Losses often occur from evaporation, leakage, bad packing, and consequent deterioration before opening. The manufacturer will be glad to get a notification if he is of integrity so that he can take steps to correct his measure. Here is real need for a good scales and measuring cups.
The contents of a cylindrical can or paint pail can be determined:
Measure circumference with a tape.
“ height “ “ “
Diameter of can equals ⁷⁄₂₂ of circumference.
Subtract from circumference a slight amount for thickness of can.
Multiply the result by itself and the product of ¹¹⁄₁₄.
This result should be multiplied by height of can less proper allowance for inset and thickness of ends.
The result (if you have used inches) will be the cubic contents (in inches,) it can be reduced to gallons or fraction of a gallon by dividing by 231.
These precautions are only a few in the course of home buying.

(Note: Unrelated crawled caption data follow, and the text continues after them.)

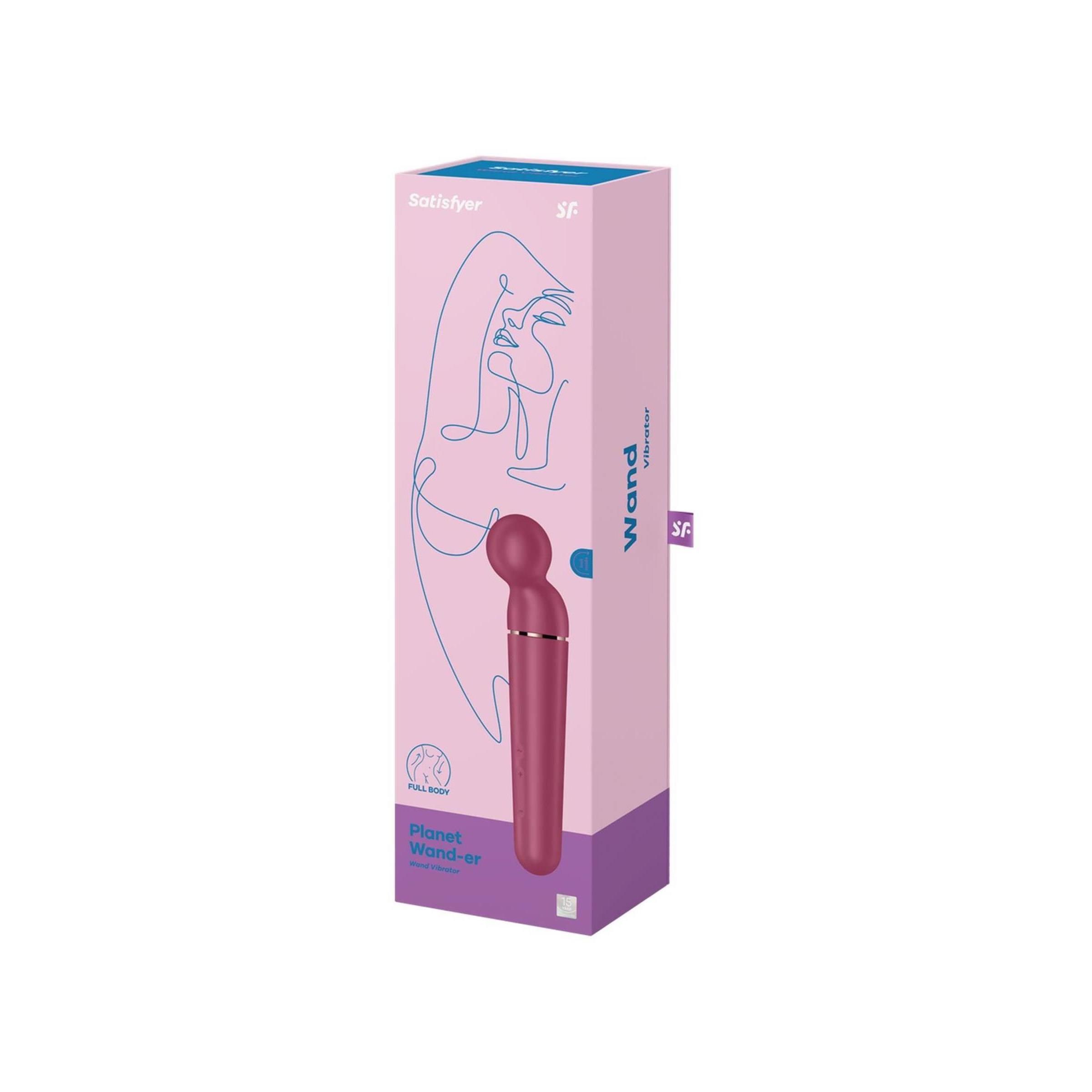 Verpackung mit Produktabbildung. Produkt: bordeauxfarbener Vibrator. Aufschrift: Satisfyer, Planet Wand-er, SF.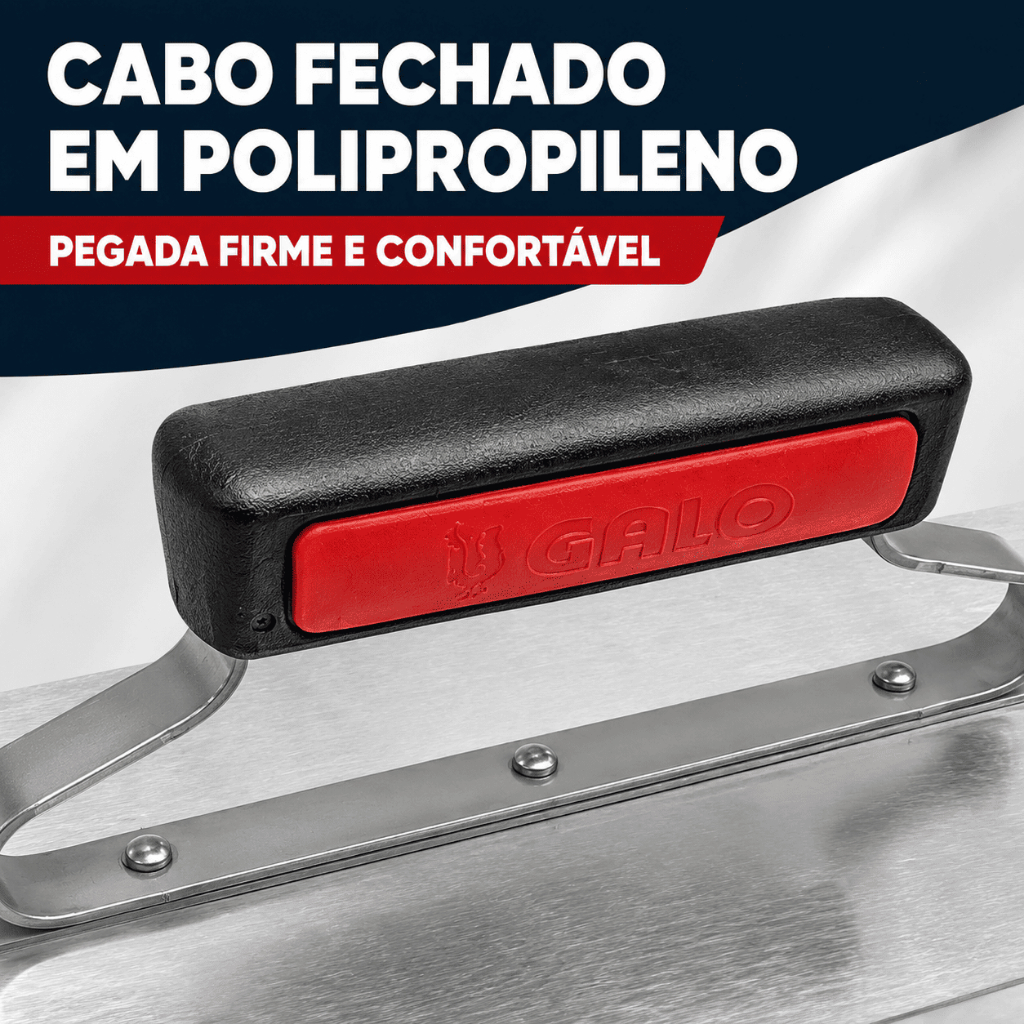 Desempenadeira aço Galo 305 lisa cabo fechado para gesso massa corrida reboco acabamento parede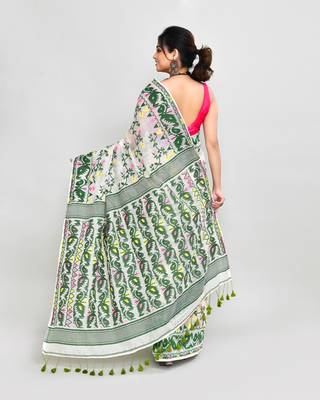 Women's off white green cotton silk jamdani saree 5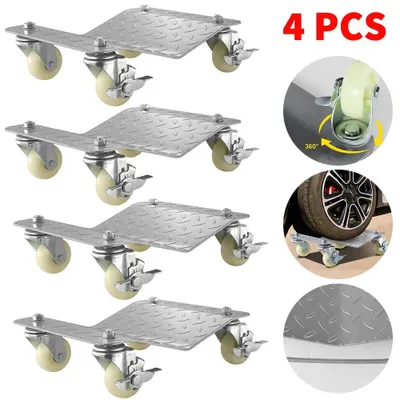 Obrázok produktu pre Radové vozíky – sada 4 kusov – vozíky na prevoz pneumatík s zdvihákmi a valčekmi – nosnosť 3 tony na pár – 37x30 cm – 4 otočné kolieska – pomocník na manévrovanie vozidiel v dielni
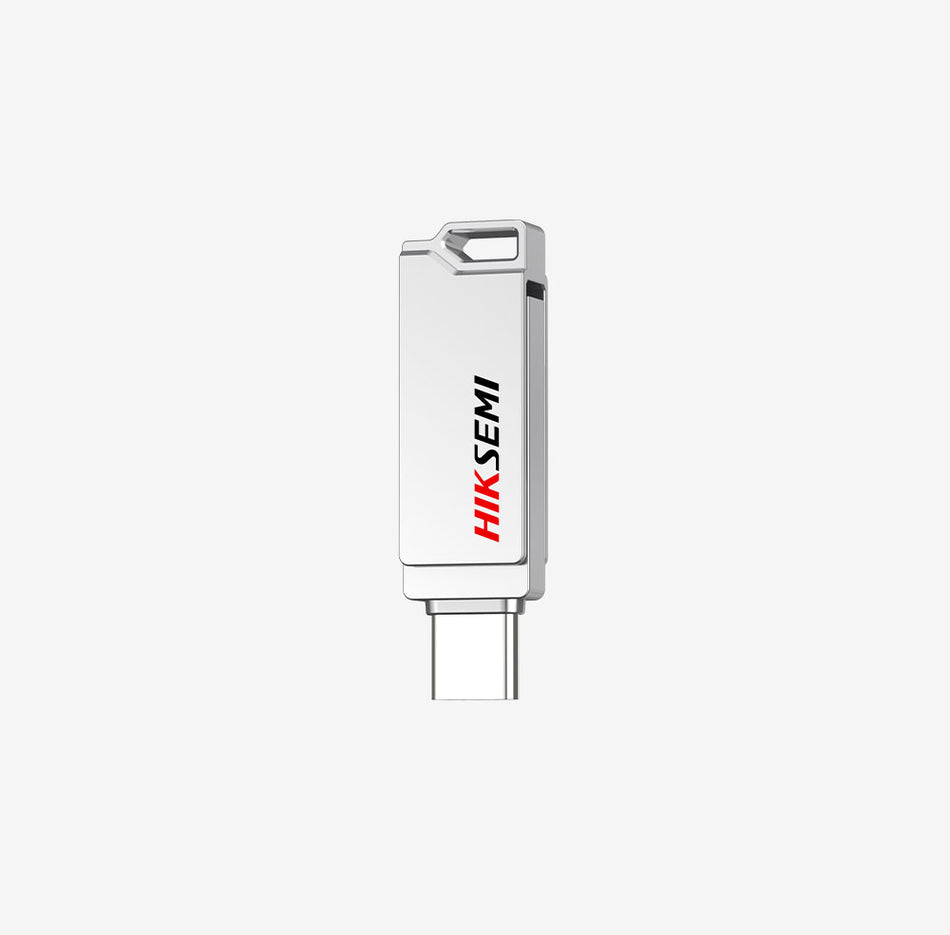 HIKSEMI Sync E327C (64/128/256GB) USB 3.2 Type-C OTG Flashdrive Memory Stick Up to 150MB/s for Smartphones, Tablets, and Laptops - Silver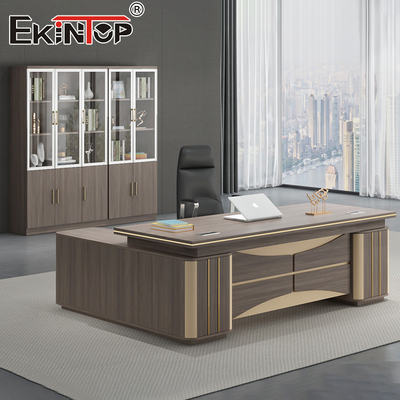 Commercial Manger CEO L Shape Office Desk ทนทาน ใช้งานได้ยาวนาน เหมาะกับการทำงาน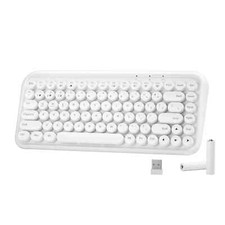 Taiahiro K898 Wireless Mechanical Gaming Keyboard Retro Round Key White NEW picture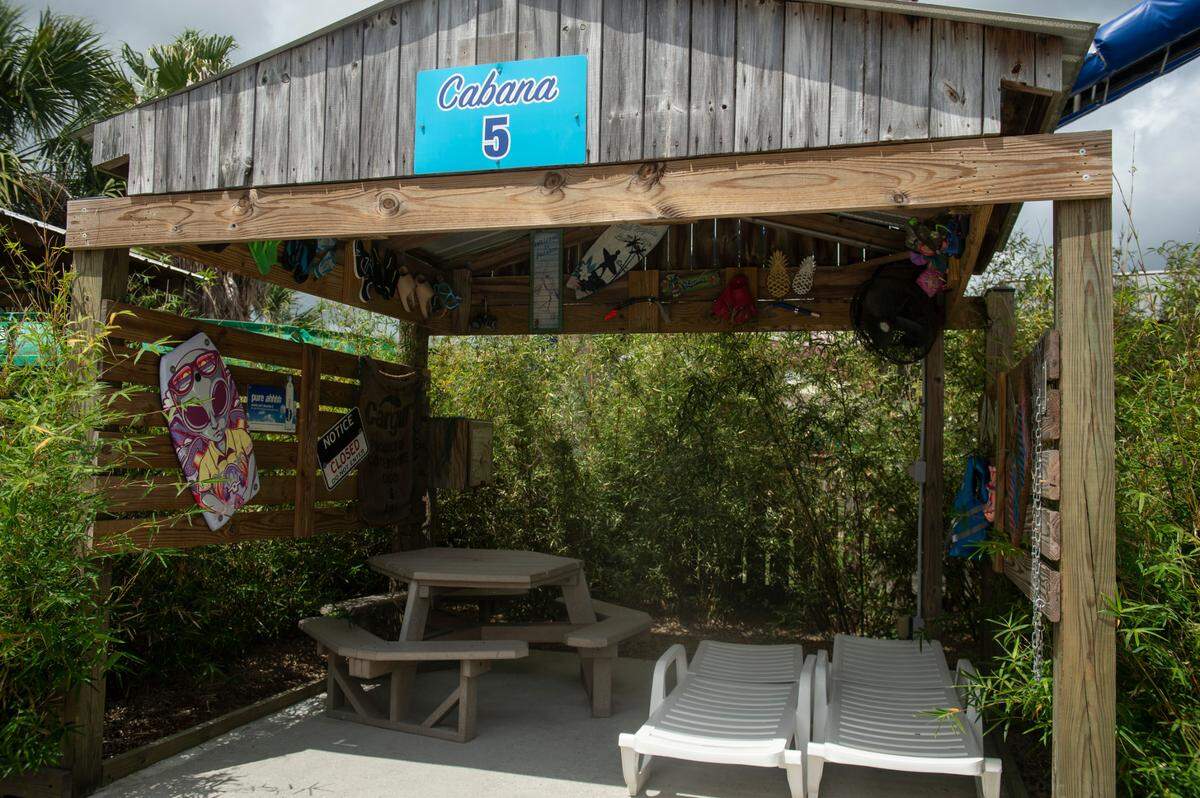 One of the cabanas available for rent at Gulf Islands Waterpark in Gulfport on Thursday, May 15, 2025.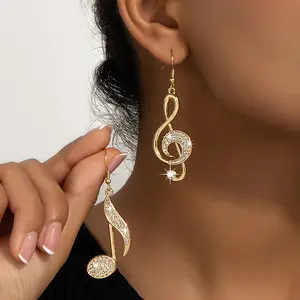 Trendy jewelry with gemstone and musical note designs, exaggerated and unique, niche high-end earrings and ear pendants
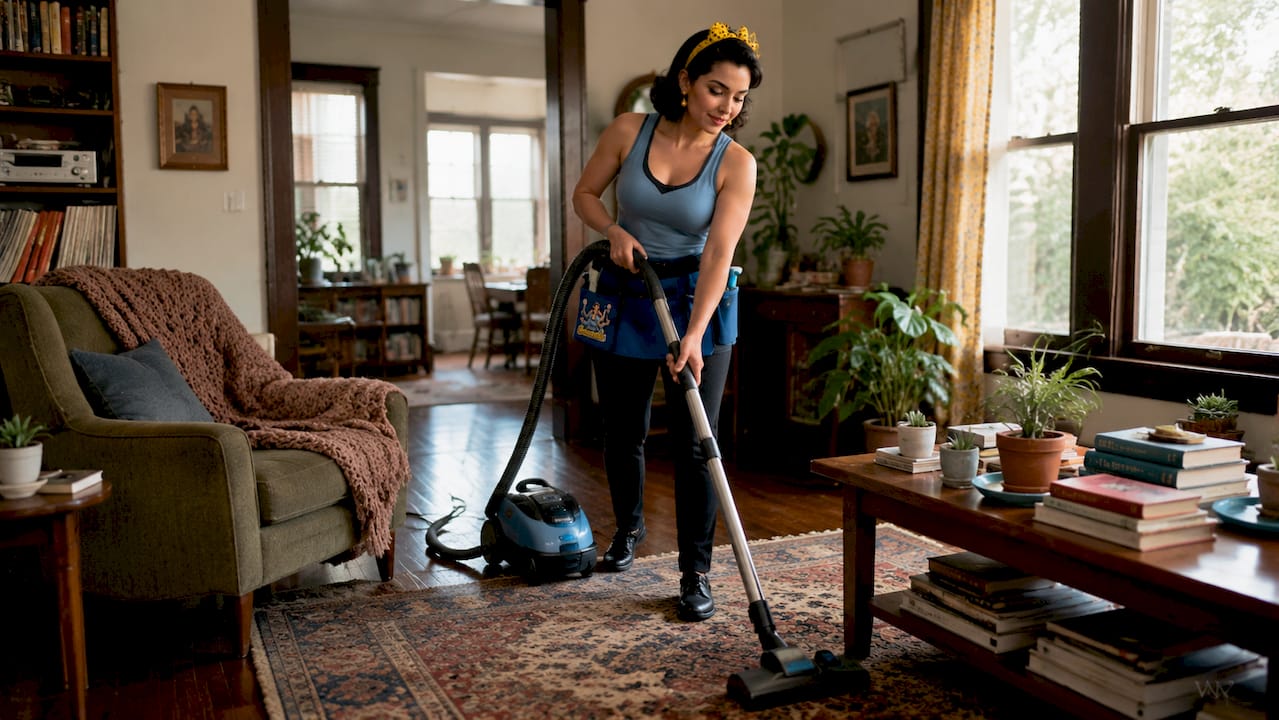 Professional cleaner vacuuming living room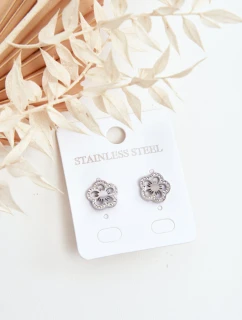květinové náušnice s kubickou zirkonií Stříbrné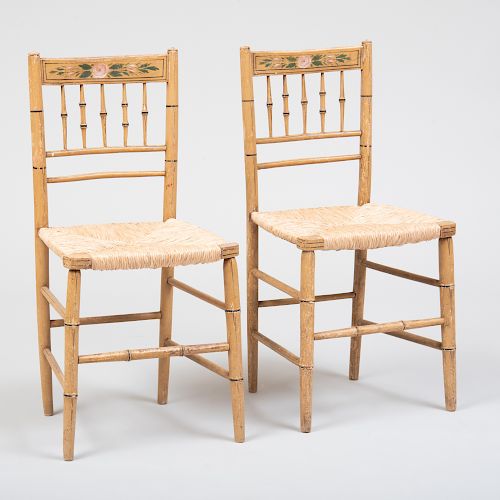 Pair of American Paint Decorated Side Chairs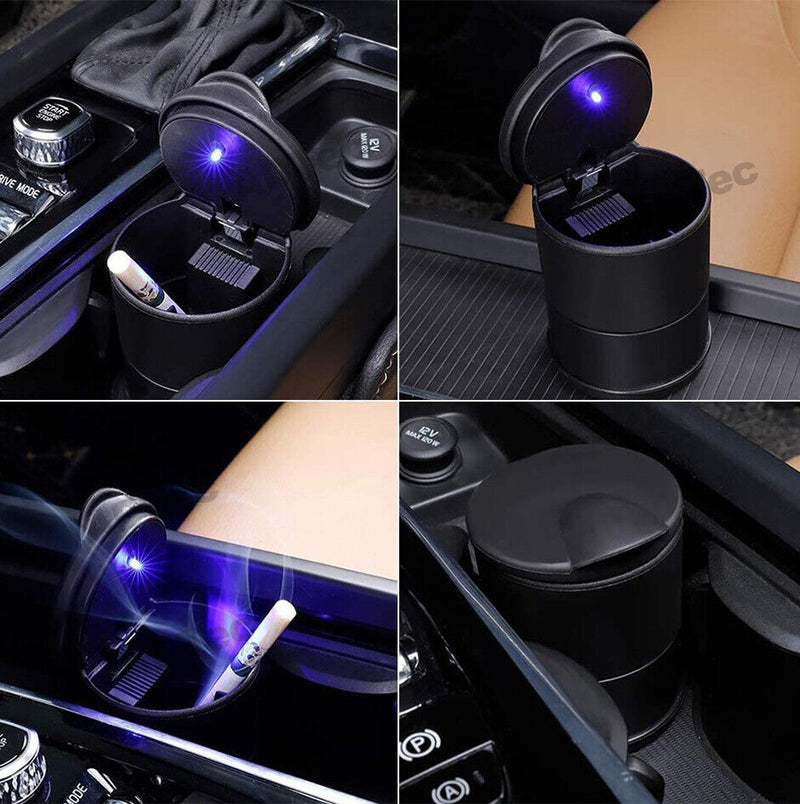 LED Light Bucket With Lid Ashtray Ash Cigarette Butt Rubbish Car Tray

But we hope they will be suggestive.
Know your state laws.
No home should be--no matter what its scale--without a scale, a liquid, as well as a dry set of measure.
It is wisest to buy and sell by weight as the heaping systems vary. It is fairest to customer and more comfortable to merchant. If you and every one insist on this fashion--it will prevail in the future.
ADDITION AND RECAPITULATION
Finally we have added to our familiar weights, measures, thermometers and scales--the hydrometer for candy making, preserves etc., the water meter which you don’t realize is working away in your home, the electric meter which silently subtracts coin from your pocket too, the gas meter which is just as financially obstreperous and if you are inquisitive meteorologically you may too have a barometer to tell the atmospheric pressure and presage the weather and the hygroscope or psychrometer which will measure the humidity in the air. These things are the measures which will take the “uncertain” out of your domestic sailing and be an all encompassing compass for all your goings, comings, and weighs.
But above all don’t forget the egg timer--or the clock for without these two things marriage can be a brittle thing and homekeeping an anarchy.